The lesson I learned was that if I keep a working capital my freelancers always get paid. When a new job comes in, I can use my savings and plant that into my working capital. My freelancers are happy, my customers know I am a professional business owner, my work gets delivered on time, and my time spent in my business is productive.
- You will not have delays from Freelancers
If you run any business, one of the most important factors is getting your employees paid. In part 2 above I spoke about hiring a client I could not handle. The reason I did not have money to invest in getting the client’s job done was because I treated all profits as my salary.
I would get paid in PayPal, First Choice, or in my bank account, and then my profits I would withdraw and spend. This is a huge mistake for any business; especially freelancers looking to build their freelancer career, so they can live a free life outside of the 9 to 5 rat race.
So, here is where the problem of paying myself negatively affected me in step 2 above when I got my first big client. I needed software, which I bought, I also needed outreach email guys, I needed a designer, and then writers. Granted, I had to do a lot of the writing myself, and also the keyword research and reporting. However, I cannot design, and the process of outreaching to clients is really not worth my time whatsoever.
My plan was to juggle incoming contract payments, wages for freelancers hired for other jobs, as well as my own lifestyle. That consisted of eating out a lot at expensive restaurants, travelling to the beach a lot, and shopping. This is not to mention I was not a home owner, so I had rent to pay my house, pay my son’s school fees, and my wife was not working because our son was very young. The list goes on!
As a result of my juggling, I messed up. You cannot always reply on all your clients paying for renewals on contract on time, you also cannot rely on all your freelancers delivering on time, so you can send out an invoice to get paid. Several of these factors came into play and in the end there were some freelancers I was unable to pay on time – I remember 3 I delayed payment by at least a fortnight.
What do you think happened?
My unpaid freelancer’s productivity went down. I spend a lot of time answering them asking when they would get paid and reassuring them that despite them continuing the contract without being paid for the last batch of work is OK. Well the result of this was they delivered slower, and 1 freelancer just stopped and said, ‘Let me know when you can pay me, and I am happy to continue’.

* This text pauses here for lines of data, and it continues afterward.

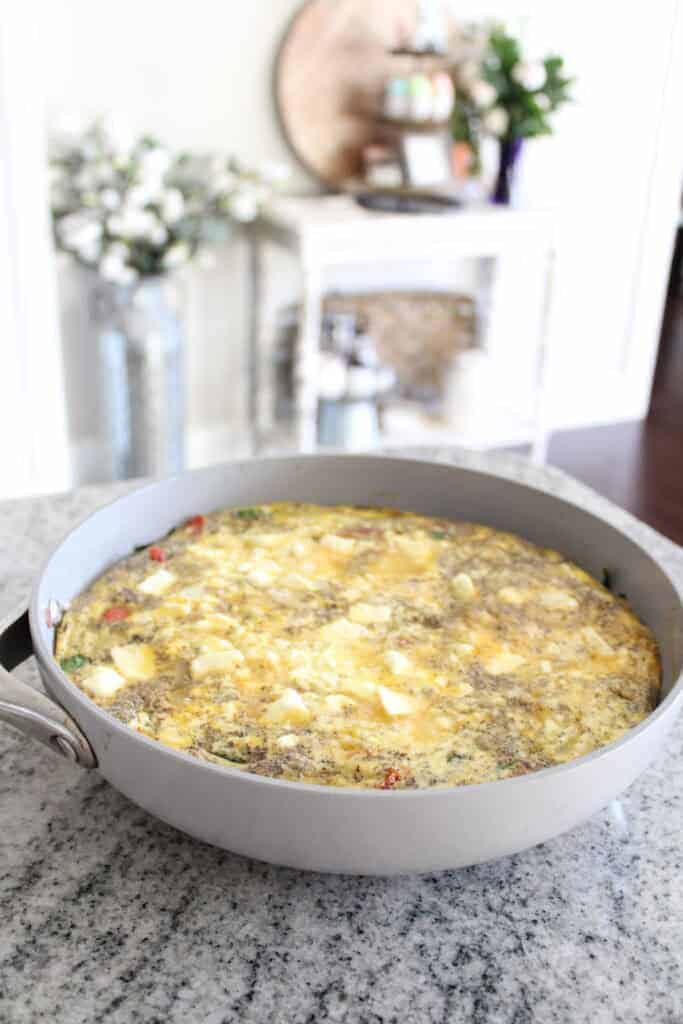 A cooked frittata with vegetables and cheese sits in a gray skillet on a granite countertop, with home decor in the blurred background.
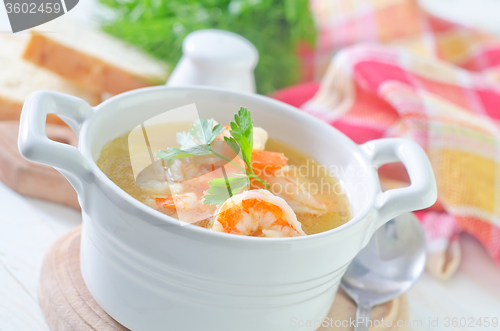 Image of fresh soup with chicken and shrimps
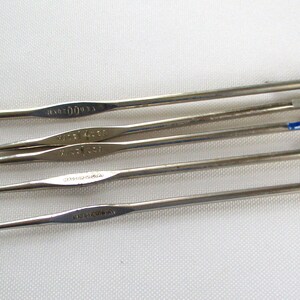 May include: A set of six silver crochet hooks of varying sizes. The hooks are arranged in a row, with the largest hook at the top and the smallest hook at the bottom.
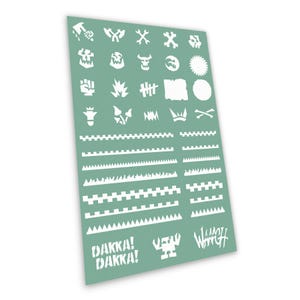 Op de afbeelding: Een saliegroen sjabloonvel met diverse witte uitgestanste ontwerpen, waaronder schedels, tandwielen, vlammen en gekartelde randen. Het vel bevat ook de tekst DAKKA! DAKKA! en WAAAGH! samen met een klein icoon van een robotachtige figuur.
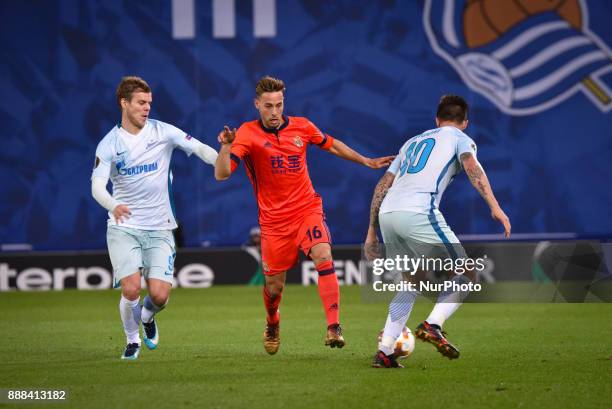 Sergio Canales of Real Sociedad vies with Aleksandr Kokorin and Emiliano Rigoni of Zenit during the UEFA Europa League Group L football match between...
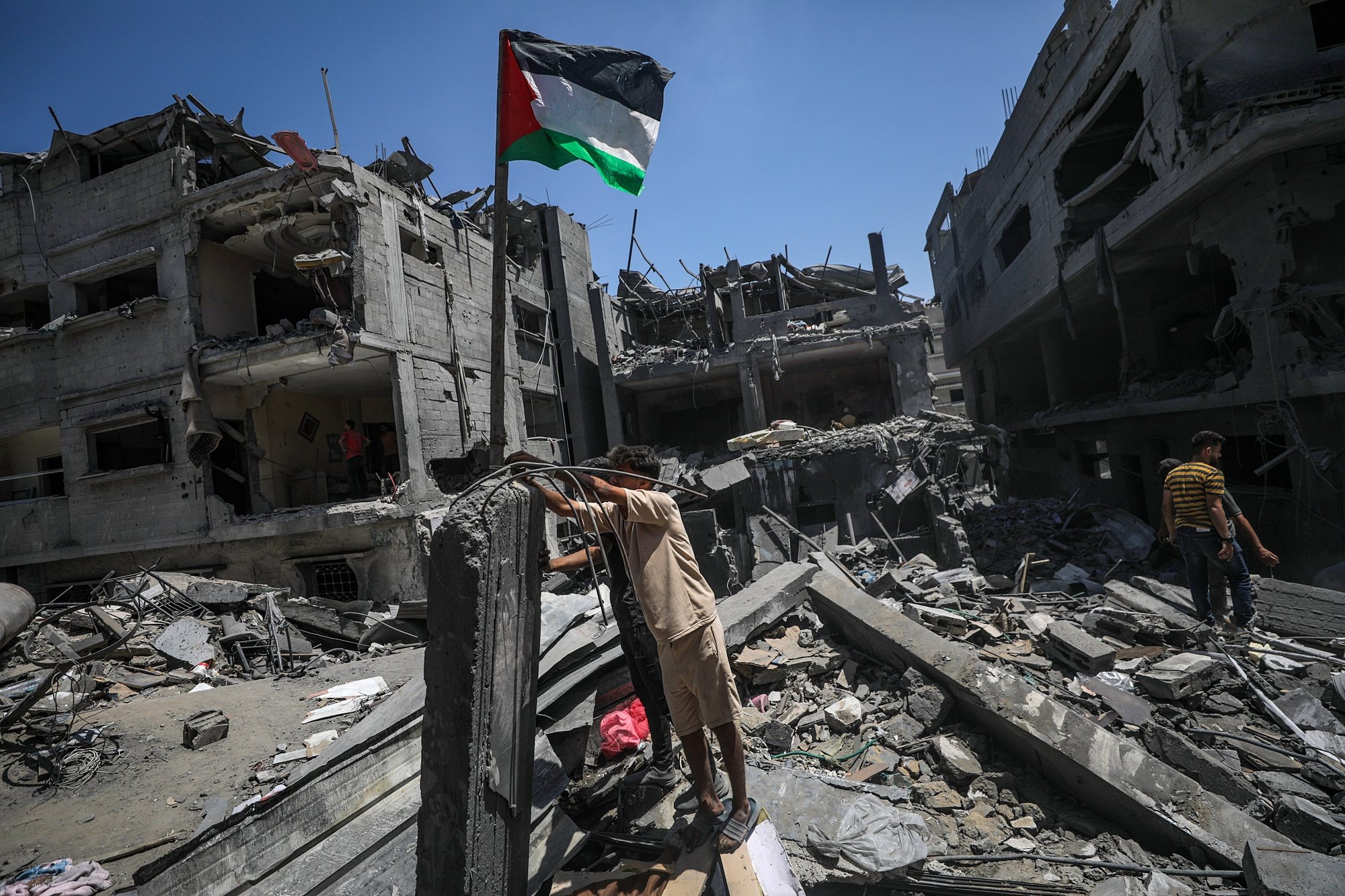 epaselect epa11419600 Palestinians raise a Palestinian flag next to their destroyed house following an Israeli air strike at al-Bureij refugee camp, southern Gaza Strip, 18 June 2024. More than 37,000 Palestinians and over 1,400 Israelis have been killed, according to the Palestinian Health Ministry and the Israel Defense Forces (IDF), since Hamas militants launched an attack against Israel from the Gaza Strip on 07 October 2023, and the Israeli operations in Gaza and the West Bank which followed it.  EPA/MOHAMMED SABER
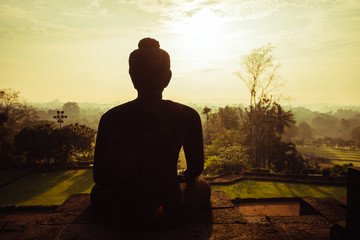 Meditating Buddha in the morning, Borobudur Temple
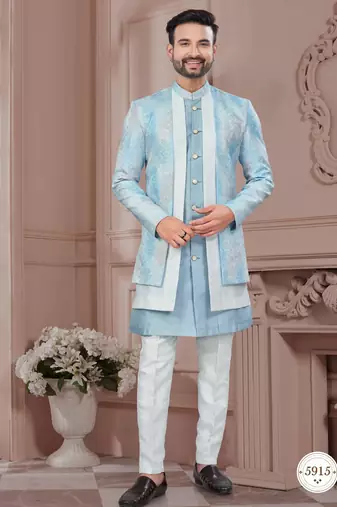 Blue embroidered jacket attached indo-western sherwani set with thread, stone & fancy button work.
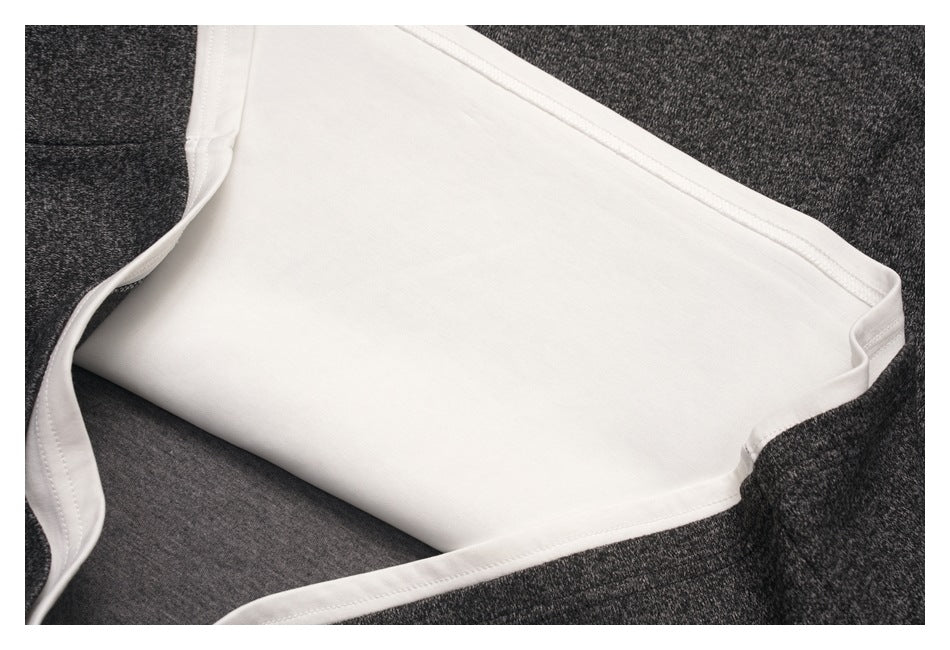 Close-up of the shirt's white inner layer and seams framed by charcoal heather fabric.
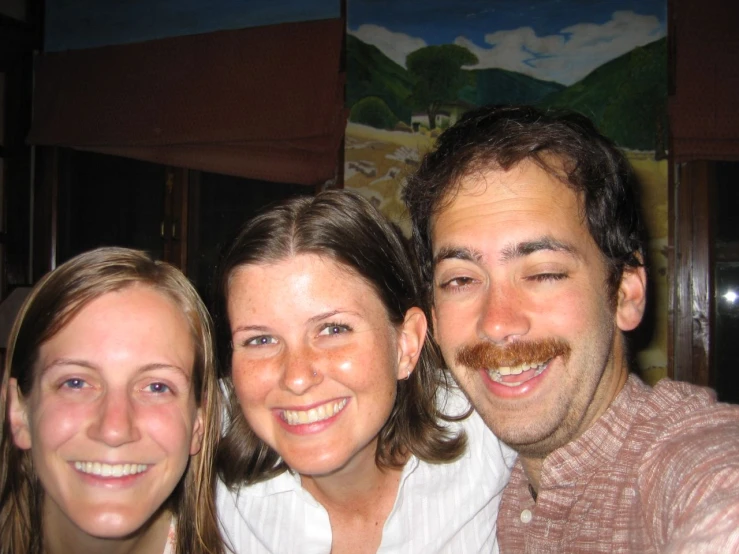 three people posing for a picture smiling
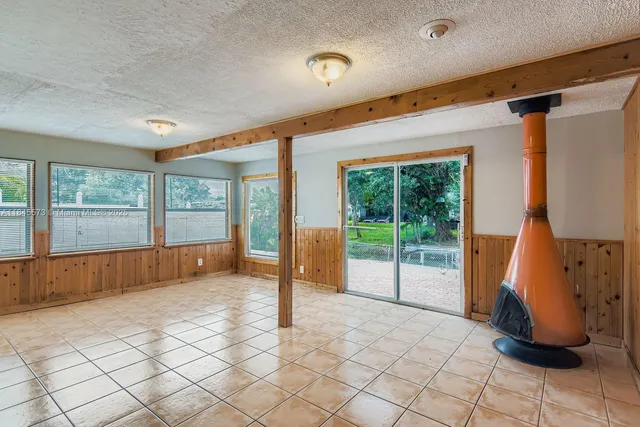 a view of an empty room and window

Now I am a freelancer down and have 2 freelancers working at a slower pace than usual probably because they were worried I would not pay. I also look quite stupid at this point.
Moreover, the knock-on effect is causing more delays, and causing me more work. I was suffering all because I did not have a working capital in place to pay these guys.
If I did have a working capital, all my freelancers would have been paid, money from the contracts that did pay on time could have been used for the new designer and outreach payments, and the payments that were late from other customers would not have been so important. All it would have meant was that I pay myself a little later than usual.
Effectively, my working capital would have given me an extra buffer of cash to juggle during that difficult time. In reality, I had no buffer and got myself in a tough situation that added an additional 4 hours a day to work week in the end!